** Available records follows **
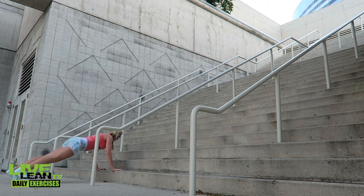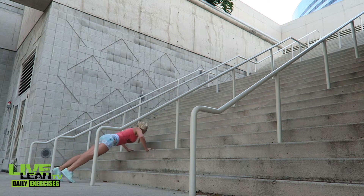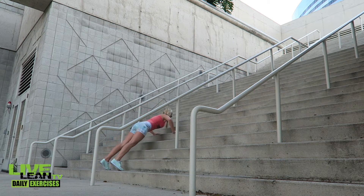Stairs walking push-ups are a fun push-up variation that works your whole body and keeps your heart rate up. Start at the bottom of the stairs, placing your hands on the first step and doing a full push-up with your core engaged and your butt and legs flexed.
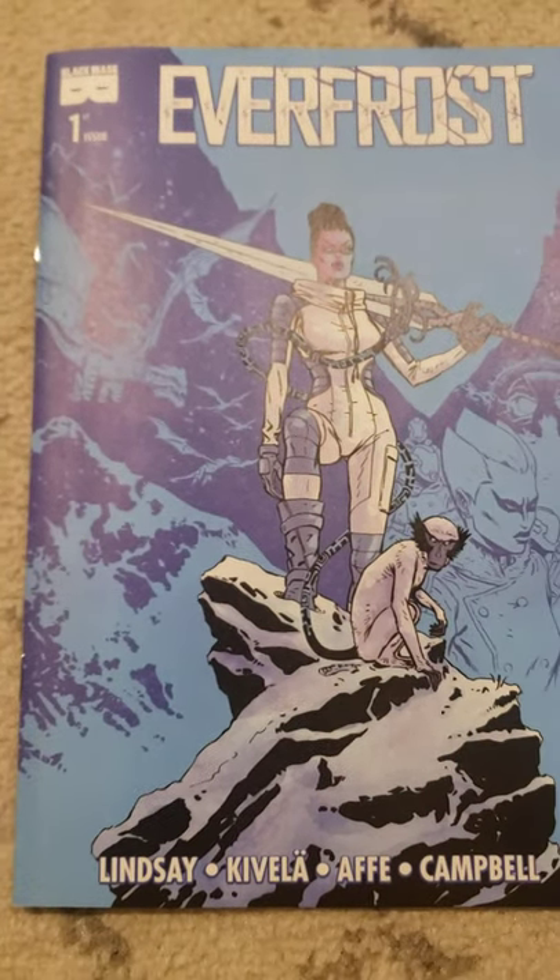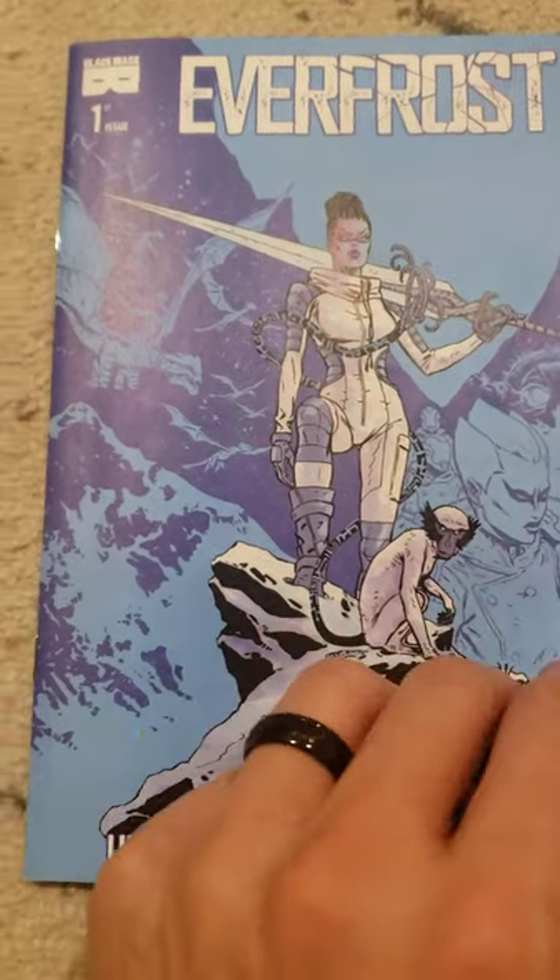Here is Everfrost by Philip K. Lindsay, illustrated by Sammy Cavella. This book is very good, very creative, very dense.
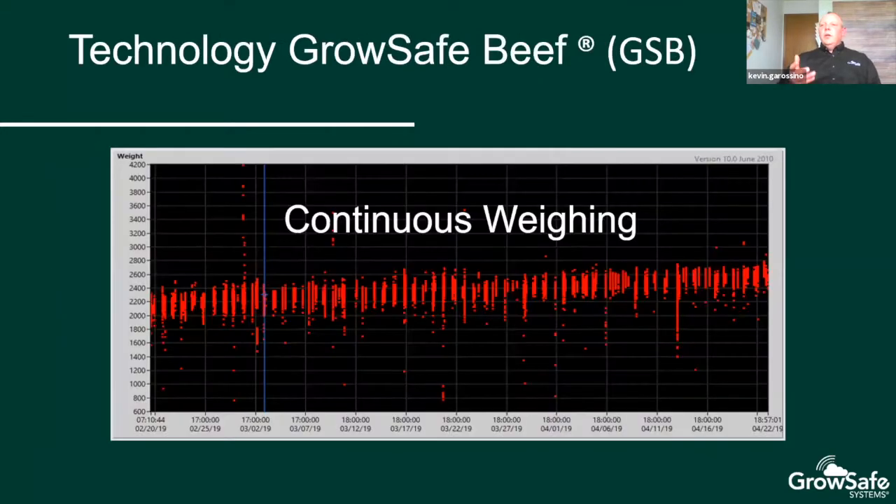GrowSafe has used technology where we get the weight of these animals every second they're on the system. Every time the animal is on the GrowSafe Beef weighing system, it reads that animal's tag. This is a representation of one animal — all the red dots are that animal's recorded weights over a time frame from end of February to end of April. You can see a nice trend, and if you draw a regression line through there it gives a consistent average daily gain. There are some outliers, possibly another animal stepping on at the same time, but GrowSafe software takes care of that so we can accurately follow the animal's growth curve.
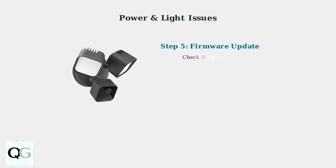Finally, verify your camera's firmware is up to date through the Blink app. Recent firmware updates have addressed many power management issues and improved overall reliability.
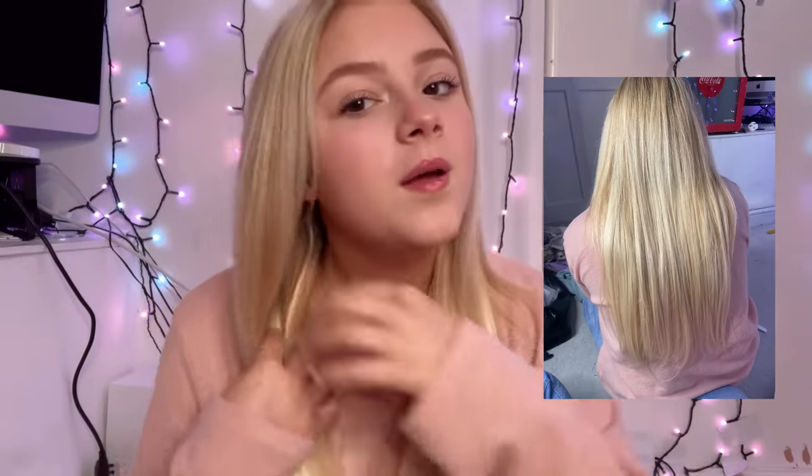Let me pop these in and show you what they look like. With the ring light it makes them look shiny because my hair is quite damaged — these are obviously healthy hair. I've got a picture of what it looks like from behind and it goes really well. I think I'm going to wear these tomorrow and curl my hair through them.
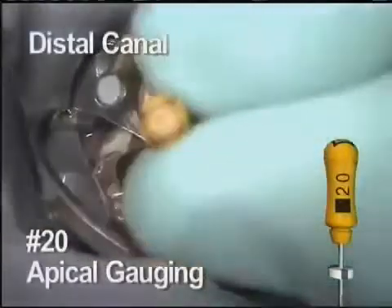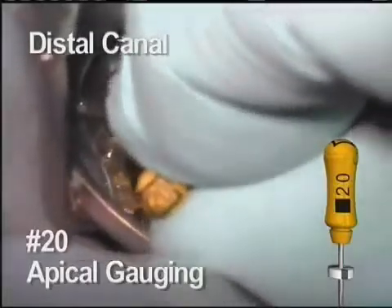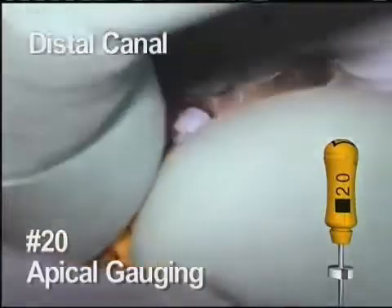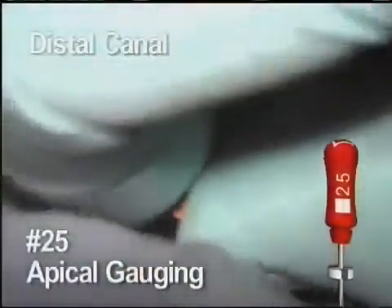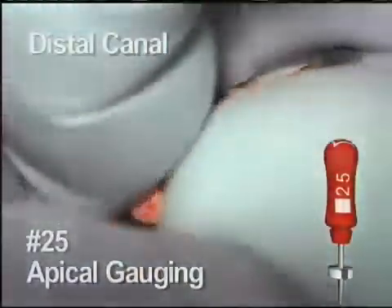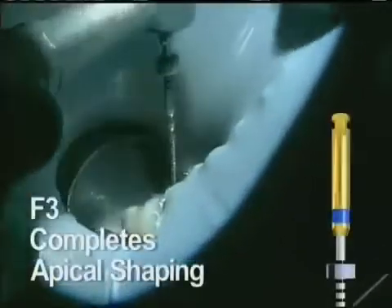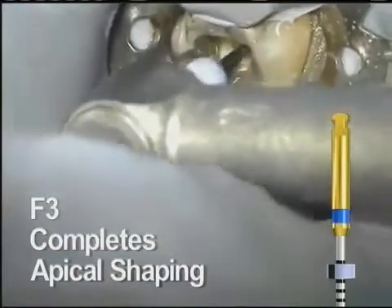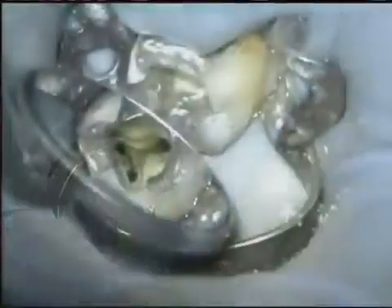To show canal variations, let's take a look at the gauging procedure of the distal canal of this same tooth. This canal followed the same instrumentation procedure as the others. The 20 is loose. The 25 is also loose at length. The 30 hand file will make it but it is tight. The clinical decision is to use finishing file number 3 for apical shape here. The F3 is taken to length and removed, and the canal shaping is complete.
** End of Available records **
§ What is required: Return word for word the lines from the beginning of the entries through the line that contains "Here is Everfrost", both ends included, but no pictures.

§ Your response:
Stairs walking push-ups are a fun push-up variation that works your whole body and keeps your heart rate up. Start at the bottom of the stairs, placing your hands on the first step and doing a full push-up with your core engaged and your butt and legs flexed.
Here is Everfrost by Philip K. Lindsay, illustrated by Sammy Cavella. This book is very good, very creative, very dense.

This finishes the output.